醫院裡,
福爾馬林的味道與消毒水味道相結合。陰暗的走廊裡只有那偶爾閃爍的霓虹燈,像是壞了一樣。幾輛推車隨意地擺放在走廊上,推車上還遺留著殘存血跡的繃帶,這些看上去都讓人有點不寒而栗的感覺。
艾麗莎推開一間辦公室的房門。
一個禿頭的穿著白大褂的醫生正叉著手對著人體解剖圖指指點點,
“你看,人體這裡的闌尾是不是多余的?
不僅沒有什麽用,還會導致闌尾炎,我們應當把闌尾都給割了,你說對吧”
而身邊同樣穿著白大褂的戴著眼鏡的醫生卻搖了搖頭
“查斯,你又偷穿凱莉醫生的衣服
小心凱莉醫生找你麻煩”
那個叫做查斯的禿子似乎聽到了什麽洪荒猛獸般,乞求地看著戴著眼鏡文質彬彬的醫生
“盧克醫生,不要告訴凱莉醫生好不好”
盧克醫生拿起了手邊的咖啡,淡然自若地查看著表格裡的下一個患者
“我可以不說,但是你得先把衣服還回去”
查斯不情不願地脫去了白大褂,即使如此還是依舊戀戀不舍地看著手中的白大褂,看來他對扮演醫生這件事情情有獨鍾。

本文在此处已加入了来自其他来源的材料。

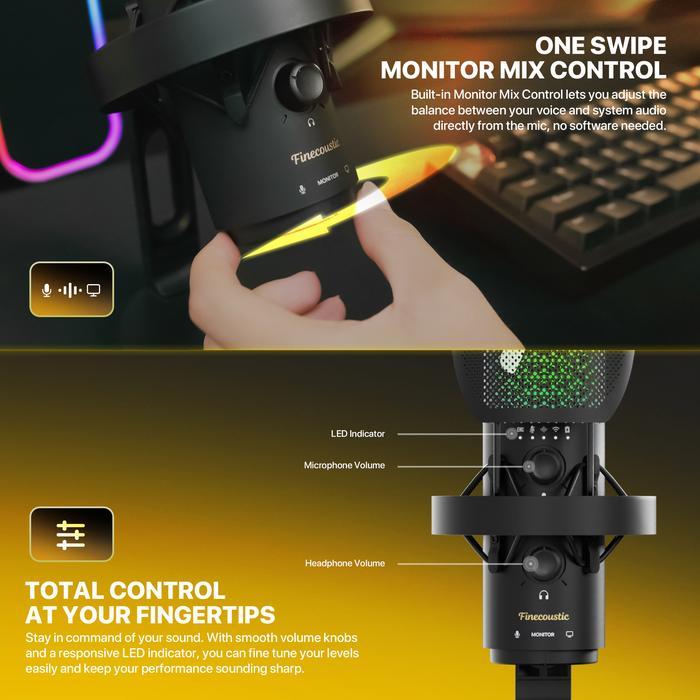 Fantech RESONO WFM1 / WFM-1 Wireless Microphone Finecoustic Condenser RGB - Image 4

那個戴著眼鏡的盧克醫生似乎終於察覺到了他們的存在,照著表格對應的人名。
“下一位,亞伯”
艾麗莎似乎和這個醫生關系挺不錯的。亞伯的余光留意到了艾麗莎對醫生眨了眨眼睛,醫生小幅度地點了點頭,回應著艾麗莎。
艾麗莎重重地按住了亞伯的肩膀
“醫生,我的弟弟好像腦子不太正常”
醫生不做聲色地抬了抬眼鏡,
“具體有什麽症狀呢”
艾麗莎用指尖戳了戳他的臉頰
“之前我離開他身邊的時候,他就到處喊人姐姐
我含辛茹苦照顧了他這麽久,他居然……嗚嗚”
說到這裡的時候,艾麗莎還忍不住掩面痛哭,可當亞伯撇過去的時候,卻發現艾麗莎居然偷偷地在狂笑,意識到亞伯的視線投了過來,她還給了亞伯一個危險的眼神。
亞伯無奈地笑了笑,為什麽原主會攤上這麽一個姐姐呢?
醫生繞有興趣地從上到下地打量了亞伯一遍。
“我們現在來做一個小測試啊
現在讓你把浴池裡的水給放光,你會用一個杓子還是一個臉盆”
亞伯毫不思索地就回答了
“當然是用臉盆了”
醫生的嘴角上揚了一個幅度,放松地靠在了椅背上
“我會選擇拔掉塞子,把水放光。
看來這位患者的腦子確實有些問題啊,等下我給你安排手術”
亞伯瞪大了眼睛,死死地盯著醫生。你這問題也忒隨性了吧,考腦筋急轉彎是吧,要是我的話,拿原子彈把浴池炸了,不就從根源上解決問題了。
那個醫生用指尖抬了抬反光的眼鏡,面無表情地看著亞伯
“你還有什麽問題嗎?”
亞伯不知道為何,當他盯著自己的時候,總是會起雞皮疙瘩。
仿佛一股寒氣一直往自己的後背翻湧著。
當亞伯沒有妥協,直接起身,用力地拍了拍桌子,桌上的鋼筆被震得飛起,
“我重申一遍我不是精神病”
冷冷地盯著亞伯的醫生沒有吭聲。而是快速地拿起了別落在一旁的鋼筆快速地在表格寫下一行龍飛鳳舞的大字“可能患有狂躁症”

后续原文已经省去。